The couple have a nest egg. Jon has about $215,000 with his employer’s 401(k), for which he is currently socking away about $20,000 a year. They also have about $20,000 saved in two bank accounts.

As is the case with most Americans, the Pilons’ largest asset is their home. They owe about $120,000 on their Bellevue condo, which has a current market value of about $424,000, Zillow estimates. That gives them an equity stake of about $304,000.

They had hoped to pay off their mortgage before Jon retired. But six years ago their homeowners association approved a large special assessment to pay for extensive work on the buildings’ exteriors and grounds.

The assessment on the Pilons’ unit was about $46,000. They raised the money by refinancing their mortgage — and increasing their debt. Luckily, their mortgage has a favorable interest rate of 3.875 percent.

The Pilons were pleasantly surprised when Reamer calculated their total net worth at about $541,000. In 2011, the median net worth nationwide for home­owners between the ages of 55 and 64 was $143,964, according to the census bureau. Most of that wealth was in their homes.

But Reamer saw trouble on the horizon. His projections showed that the Pilons would run out of cash savings in 2034 if Jon retired and they continued on their current trajectory.

At that point they would have to turn their home equity into cash, such as by selling their condo or taking out a home-equity loan. And they would have to do so late in life, when change can be difficult.

Reamer firmly believes that most people can cut their spending by 10 percent without changing their quality of life. So he advised the Pilons to spend 10 percent less and put the savings into a Roth individual retirement account.

Holders of Roth IRAs put money into their accounts after taxes. They can withdraw the money and the earnings tax free after holding the account for five years and turning 59½.

The Pilons were already saving $250 a month that they put into a savings account. Trimming their spending by 10 percent would free up an additional $450 a month. Reamer suggested combining the savings and putting $700 a month into a Roth IRA. That’s $8,400 a year.

By reducing their spending and saving the money, the Pilons would increase their net worth by about $170,000 in 2044, Reamer estimated. That means the couple would not outlive their retirement savings.

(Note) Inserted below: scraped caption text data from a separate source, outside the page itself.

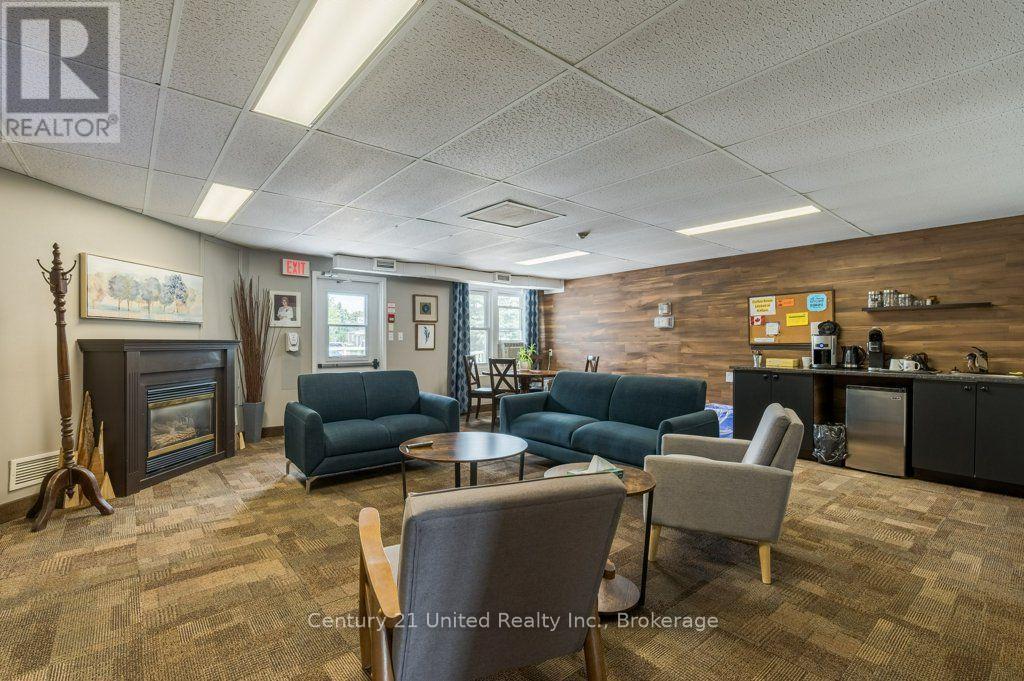 11 Algonquin Trail, Clarington (Bowmanville), ON - Indoor Photo Showing Living Room With Fireplace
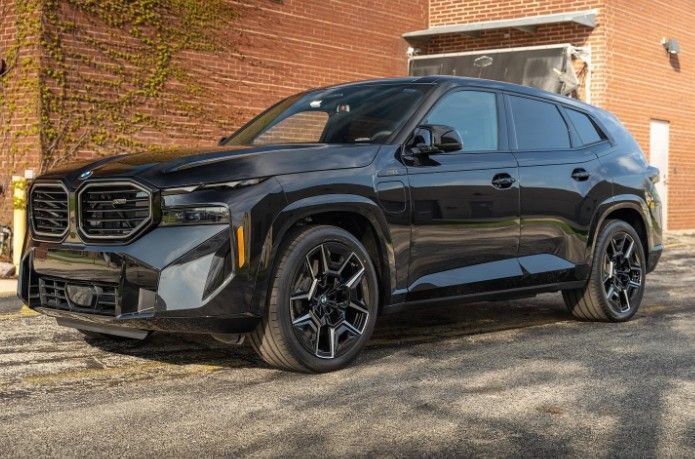Black BMW SUV parked beside a brick building on a sunny day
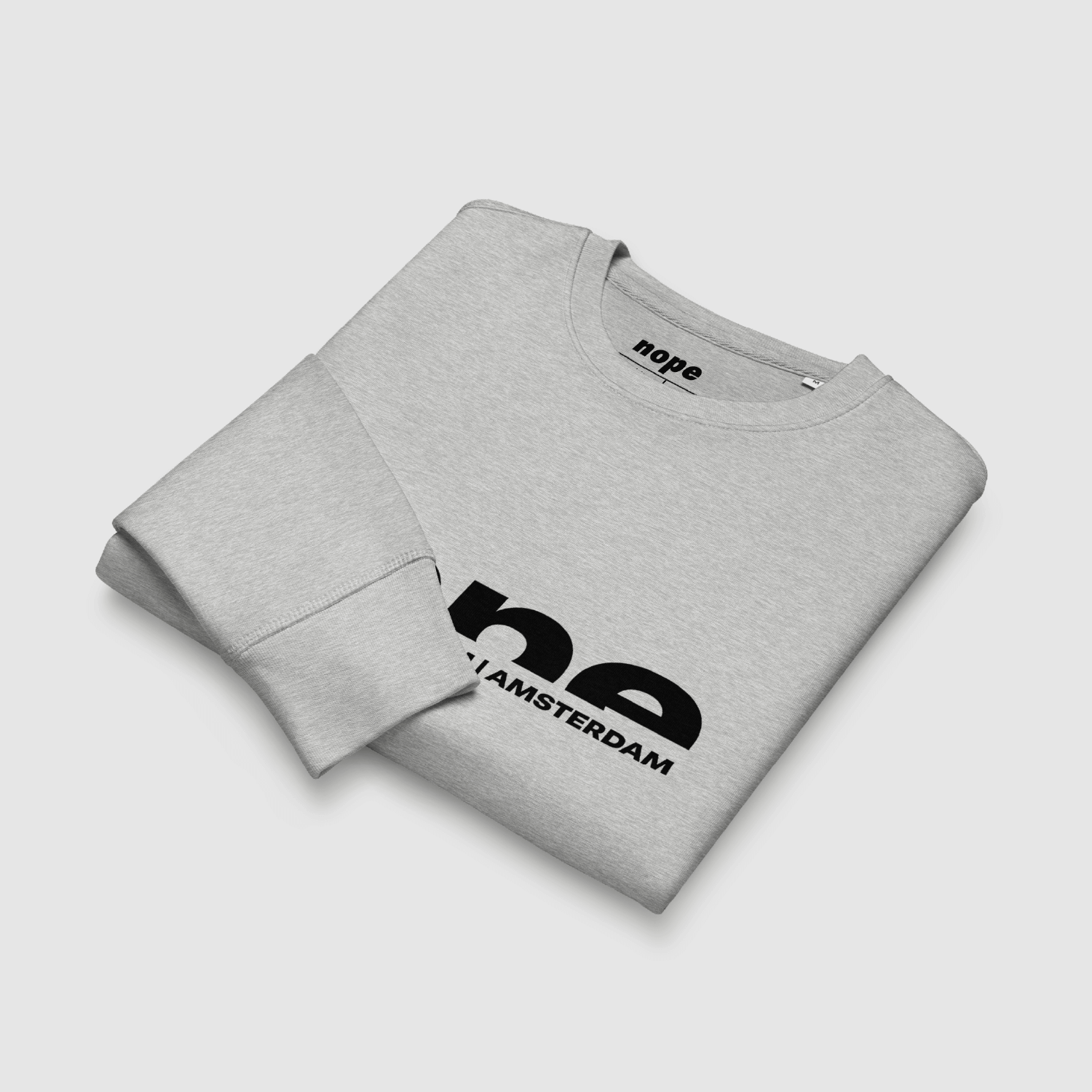 Folded Nope Text Logo Sweatshirt in grey showing front chest print with city name graphic – eco-friendly streetwear by Mr. Nope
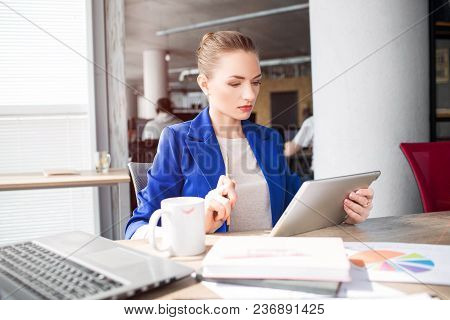 Smart And Good-looking Woman Is Sitting On The Table And Looking To The Tablet. She Is Studying. Gir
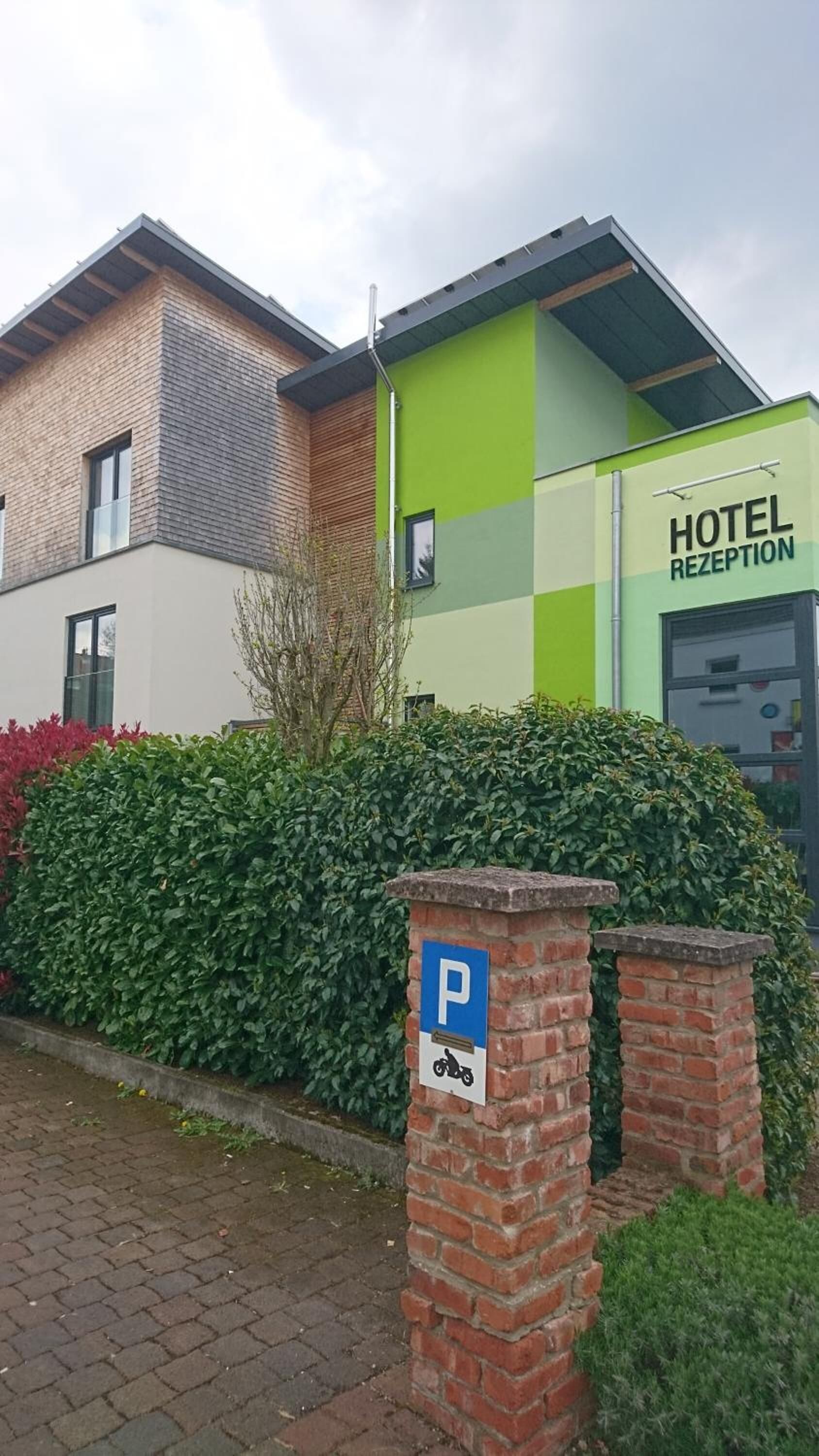 A hotel reception with a modern design, featuring a green and white facade, and a parking sign indicating a parking area for motorcycles.
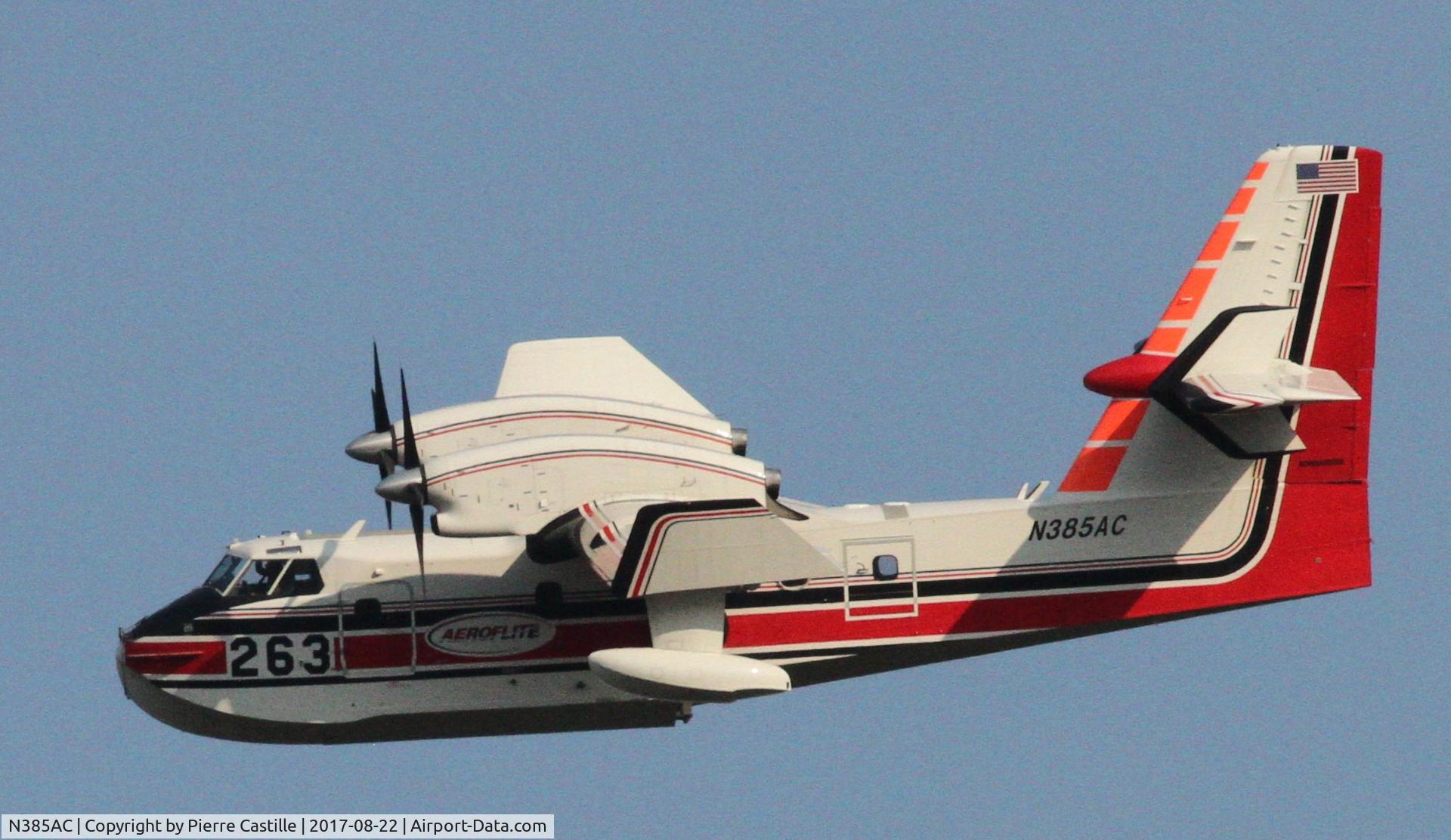 N385AC, 2015 Bombardier CL-415 (CL-215-6B11) C/N 2095, Picking up water from the Columbia River upstream of the Bonneville Dam and depositing it on a nearby wild fire.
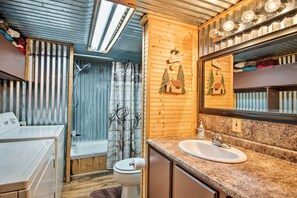 A compact bathroom with a wooden vanity, a sink, a toilet, and a shower area. - Private Hot Tub & Deck! Broken Bow Group Getaway (Broken Bow)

“Their plan goes from being not successful to very successful,” he said.

Reamer also advised Ami to call the Social Security Administration and inquire about spousal benefits. Doing so may increase her monthly Social Security deposit.

Another puzzle was determining the best time for Jon to begin collecting his own Social Security. Reamer projected the effects of Jon retiring in every year between the ages of 65 and age 70.

As it turned out, the optimal moment is when Jon is 66. At that age he gets the full benefit. Waiting further would increase his benefit — but alsothe likelihood that he would have to spend more of his retirement cash savings.

After a meeting with Reamer in his office, the Pilons came home with fresh perspectives about household finances. “I started looking differently at things,” Ami said.

They immediately began looking for ways to cut their spending by $450 a month. Switching cellphone carriers and asking the housecleaner to come once a month instead of twice a month pared $150 from their monthly expenses.

More cuts are on the way. “Really, there are ways we can cut and not hurt,” Ami said.

The Pilons are still debating whether to sell their Bellevue condo and move when Jon retires. But they now know that they are better off than they realized, and they have a plan for a secure retirement.